Le renforcement de la présence des grands noms du luxe bénéficie prioritairement à quelques axes de la rive droite, comme l’avenue Montaigne, les Champs-Elysées ou la place Vendôme. Mais l’artère la plus dynamique reste sans conteste la rue Saint-Honoré, avec près d’une douzaine d’ouvertures recensées en 2019. Elle restera sous les feux des projecteurs en 2020 en raison d’ouvertures très attendues (Dior au n°261, Burberry au n°378) et d’un intérêt toujours très vif des enseignes. Cette très forte demande soutient l’augmentation des valeurs locatives prime, qui y ont encore progressé de 13 % l’an passé pour atteindre 15 000 €/m²/an. La hausse est même de 50 % sur cinq ans, contre + 7 % pour l’avenue Montaigne.

La rue de Rivoli sera aussi l’une des artères à suivre en 2020. Mise en sommeil depuis quelques années, elle bénéficiera de l’achèvement des travaux de restructuration de la Samaritaine et de l’ouverture de plusieurs flagships (JD Sports en lieu et place d’H&M au n°118, Skechers sur l’ancien GAP du n°102, etc.).
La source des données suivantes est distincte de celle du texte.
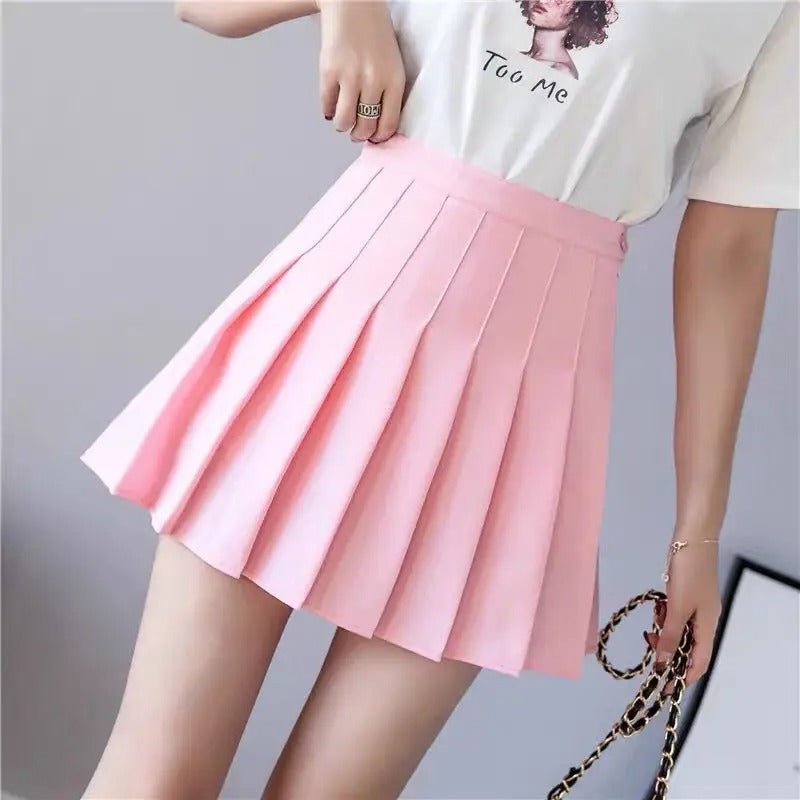 Mini-jupe plissée taille haute pour femme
Du côté des centres commerciaux la revalorisation de l’existant est plus que jamais d’actualité s’agissant de l’activité de développement. « Sur les 195 000 nouveaux mètres carrés de centres commerciaux ouverts en 2019 – soit une baisse de 17 % par rapport à 2018 – seuls 23 % concernent des créations ex nihilo » annonce Antoine Grignon. « Le ralentissement des ouvertures de centres commerciaux contraste avec le dynamisme des développements de parcs d’activités commerciales. Avec un peu plus de 500 000 m² inaugurés en 2019, la hausse est en effet de 29 % par rapport à l’année précédente » poursuit Antoine Grignon. Si de nouveaux ensembles sortiront prochainement de terre, cette tendance au renouvellement des zones existantes s’accélèrera en 2020 et 2021. Le nombre et la part des créations pures pourraient donc se réduire, d’autant que le contexte réglementaire, politique et social semble plus contraignant pour les développements ex nihilo.

« Revalorisation des zones de périphérie, adaptation du modèle des centres commerciaux, mixité croissante des usages en centre-ville, démultiplication des concepts et de marques nées sur le web, flux constant de nouvelles enseignes étrangères : le renouvellement reste plus que jamais à l’ordre du jour et promet une année 2020 dynamique sur le marché immobilier français des commerces » conclut Antoine Grignon.